Refugee resettlement agencies are one kind of NGO, and they are typical of the ones Jarvik writes about. They are often funded by governments, but they are not agents of the government. Rather, they have their own agendas, which may or may not coincide with the agenda of the government that funds them. Like everybody else, they are out for themselves, despite their ostensible purposes. He points out:
They found war, famine, terrorism, and the deprivation of human rights to be “growth opportunities” for their industry. For structural reasons, NGOs have been invested in failed and failing states.
That is, the more misery there is in the world, the more work for NGOs, the more important the people who run them, and the more power they amass. And they have taken on roles they are entirely unsuited for, in some cases acting as agents of international relations, the role normally reserved for governments. Jarvik quotes writer David Rieff:
By calling some terrible historical event a humanitarian crisis, it is almost inevitable that all the fundamental questions of politics, of culture, history, and morality without which the crisis can never be understood will be avoided. And the danger is that all that will remain is the familiar morality play of victims in need and aid workers who stand ready to help if their passage can be secured and their safety maintained.

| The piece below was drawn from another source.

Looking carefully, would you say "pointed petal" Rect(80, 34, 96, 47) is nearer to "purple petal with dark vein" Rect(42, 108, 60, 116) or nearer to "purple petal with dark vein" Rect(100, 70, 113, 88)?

Rieff has done a lot of reporting on war and humanitarian emergencies, but I don’t recall having read him before, so what follows is my own interpretation of his words. I find the above paragraph the best explanation I’ve ever read for why refugee resettlement is so messed up.
It fits perfectly with what is happening with Iraqi refugees. The situation in Iraq is tremendously complex, involving “all the fundamental questions of politics, of culture, history, and morality….” This applies to the refugees. They are not just a group of people who happen to be outside their own country and who need rescuing. They are part of the political situation, and the solution to their plight is political. Yet the resettlement agencies, the UN, the media, and governments around the world, including much of the U.S. government, treat the situation as a purely humanitarian crisis.
The solution to a humanitarian crisis is to rescue its victims. And this is interpreted to mean that they must be resettled in other countries. Therefore the United States is judged abominably cruel and irresponsible because we are not taking in tens of thousands of Iraqis. This crisis is “our fault” and therefore it is up to us to solve it by resettling many refugees here.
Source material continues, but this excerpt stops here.